Estremera: Today’s inconveniences and constant learning

THE major reason I really do not relish buying new phones is the effort it takes to transfer files and data.

So, it was a long time ago since I got the last one. It’s much easier now, very easy really, since there are the Cloud services. When I had the iPhone7 seven years ago, Cloud was a roundabout service, it was better to do without. Just use bluetooth to transfer, but still it takes time to set everything up.

Now there’s iCloud, perfect, really. You are just supposed to shift from your laptop to your new phone, except that... for the first time since my Motorola days, I lost a phone (yes, dears, I’m ancient, I even saw Minerva Linotype printing machines running and I once thought an IBM electric typewriter with a daisy wheel was a really cool equipment).

In this day and age in the Philippines, that is one of the worst that can happen because a phone has a sim card, and the horrors of transfering to a new phone with a new sim card can be daunting.

I have been stuck trying to bring my life back to normal for two full days now. First for my Android, and next for an iPhone. Life is starting to return to normal, sans a huge bunch of files that were inadvertently filed as in app and not in iCloud and the Facebook, which keeps on either logging me out or suggesting that I follow their security procedures that would lead me to create a new password. After five changes, I quit. You can see the long list of unread email messages from Facebook warning that an unknown device is trying to access my account, or that I logged in at this and that place, when time and action would point to me in Davao City.

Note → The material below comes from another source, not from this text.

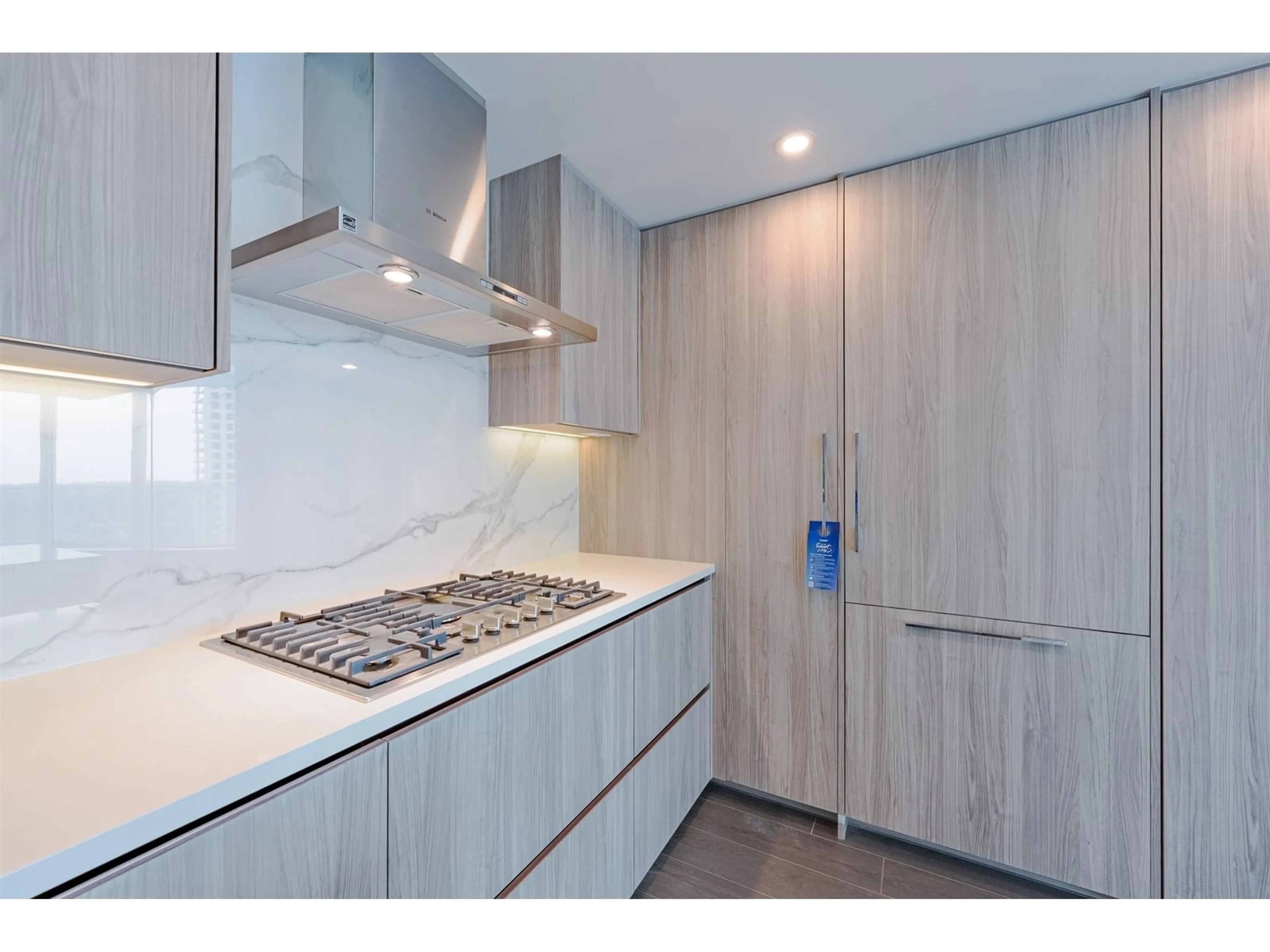 Standard kitchen, wood/laminate floor for 2608 - 13768 100, Surrey British Columbia V3T0V2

Those are today’s inconveniences and we just have to live with it. In exchange, you get seamless shift from phone to laptop, depends on where you are. I usually use my phone to write articles and letters when I’m mobile or not at my desk and shift to laptop when I have a work desk. The convenience is just perfect for a person who can get stuck in a meeting or training or a car the whole day.

In between is the setting up. That part sucks. But I’m not about to give up and return to the old ways. I still have a lifetime to write and train, I cannot afford to let go of such convenience and be reliant on techie young ones to do the tasks for me.

That brings me to the young ones who cannot be bothered with a lifetime of learning. It makes me wonder for how long their sass and papogi like Kpop stars can carry them.

For all the conveniences of gadgets once set up, books still hold the key. Books that bring new knowledge or deeper understanding, not sex fantasies and gore. I’d concede to ebooks, for as long as you read them and not just stuff them in your gadgets unopened, for show.

Read, learn, and... teach. As Prof. Richard Phillips Feynman, an American theoretical physicist, and 1965 Nobel Prize winner once said: “If you want to master something, teach it.”

Here’s what you can learn from this professor called the Feynman Technique: Choose a concept you want to learn about

Explain it to a 12 year old

Reflect, Refine, and Simplify

Organize and Review.

Filipino Pranic Healing founder Grandmaster Choa Kok Sui said something similar to that in underlining the deep teachings that Pranic Healing carries with it: “When a teaching system is very advanced, you know this by its potency and simplicity.”

We can learn from these two esteemed men. The depth of your knowledge is not in how highfalutin your words are but how simple you have distilled deep teachings to make it understandable even by a regular 12-year-old. Read, learn, teach.